A Wheel Of Time Virgin Reads Book One

My entire personality is based on being the person who read the book before the movie came out. So, when Amazon announced The Wheel of Time series, I should have been elated: another fantasy series based on a popular and highly lauded (and super long) book series. My jam. 

But instead, I panicked. Because Robert Jordan’s The Wheel of Time series has been on my book list for ten years … my to be read book list. I hadn’t gotten to them, and based on all the ever-expanding titles on said list, I wasn’t likely to anytime soon. 

But … A SHOW. A fantasy show. Rosamund Pike. I needed to read them. I needed to know. I already decided to forego reading Dune; I couldn’t do it twice in the same month ffs. 

A Wheel of Time Virgin

So, here comes the inevitable question of my time: do I watch the show without reading the source material, or do I set all obligations aside and dive into a(nother) 800-page high fantasy tome so I can be prepared to dissect all the ways the adaptation fails to produce the same experience? (I would never.) 

Readers, I read it. 

Barely scraping by the deadline of the show premiere on November 19th, I assiduously read The Eye of the World. Thankfully, my good friend Jamie lets me hang out in her Audible account, and I had an entire week of painting the outside of my house, ie hours of drudgery, to listen. I highly recommend the audio book; fantastic narrators. 

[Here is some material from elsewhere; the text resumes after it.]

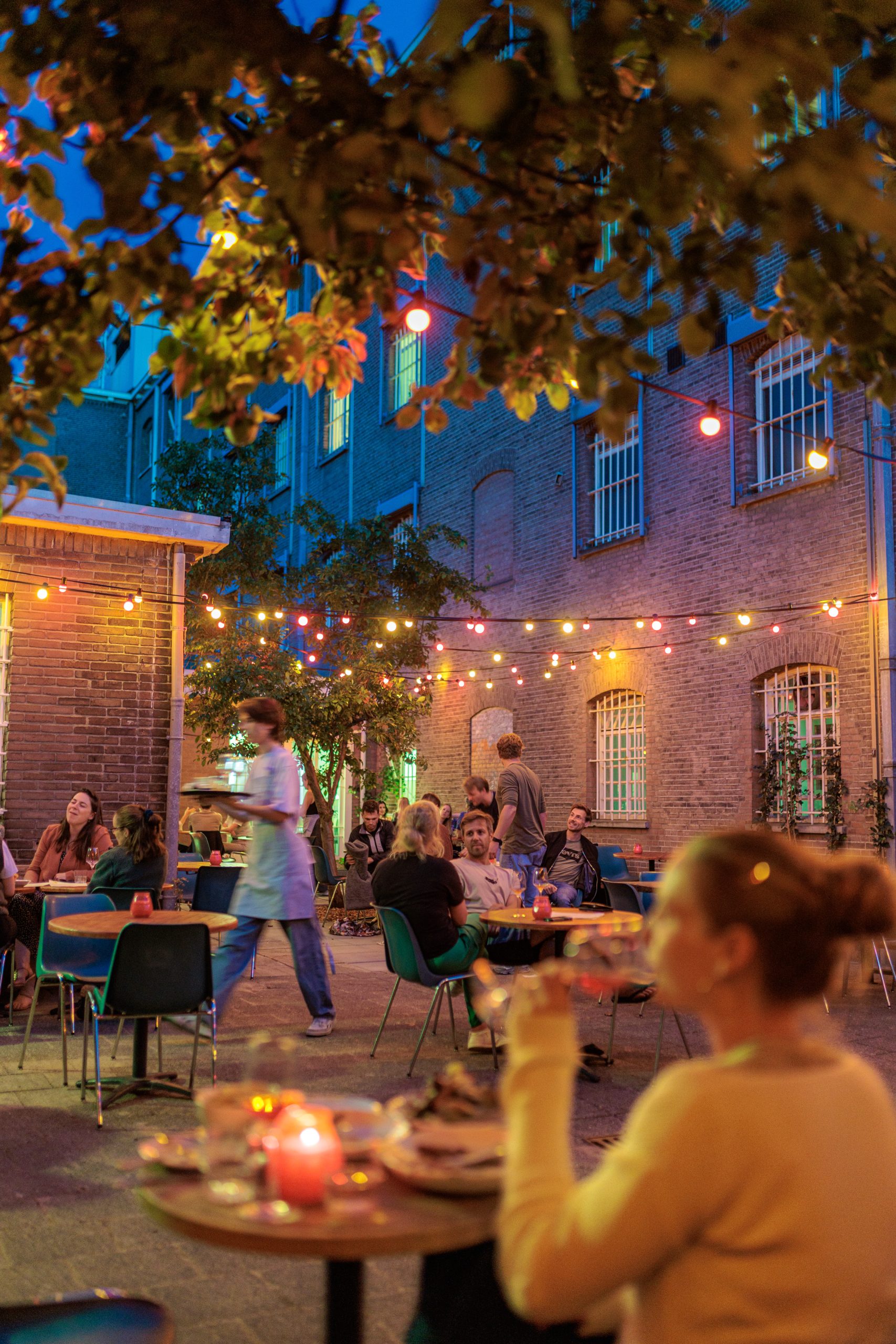 Mensen op terras in Utrecht in de avond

Going in mostly cold, (I had seen the trailer), I wasn’t sure what to expect, but as a Tolkien nerd, I definitely wasn’t expecting SO MANY clear connections to Lord of the Rings. So many, in fact, that it’s obvious that Jordan was paying homage to Tolkien directly. There’s no other way around it. 

The Look of the Series

I can’t deny that the trailers made a significant impact on how I viewed the characters and settings as I was reading. This one especially kept crossing my mind’s eye because the soundtrack SOUNDS LIKE TWILIGHT. 

 

But I was already stunned by comparisons between what I was reading and what I had seen of the series: Why is Rand the one with the bow instead of Mat, and where is his heron-marked sword? How is there so much exposition and exposure of the Aes Sedai when in the book we are faced almost exclusively Moiraine? 

The second question has an easy answer, even without a more extensive knowledge of the world outside of Book One: there is clearly an entire world building surrounding the One Power, the True Source and the Aes Sedai that no one who has only read Book One would be aware of yet. Including it in the series, even if an adaptation of Book One, makes perfect sense and stunning visuals. No doubt, I should probably read on ASAP (ugh, I’m so busy). 

And then there is this one, that looks EXACTLY like the book (except for that BOW). 

 

All of it makes me extra anxious for the show to begin. Who’s watching with me? 

The Wheel of Time premieres on Amazon’s Prime Video on November 19th.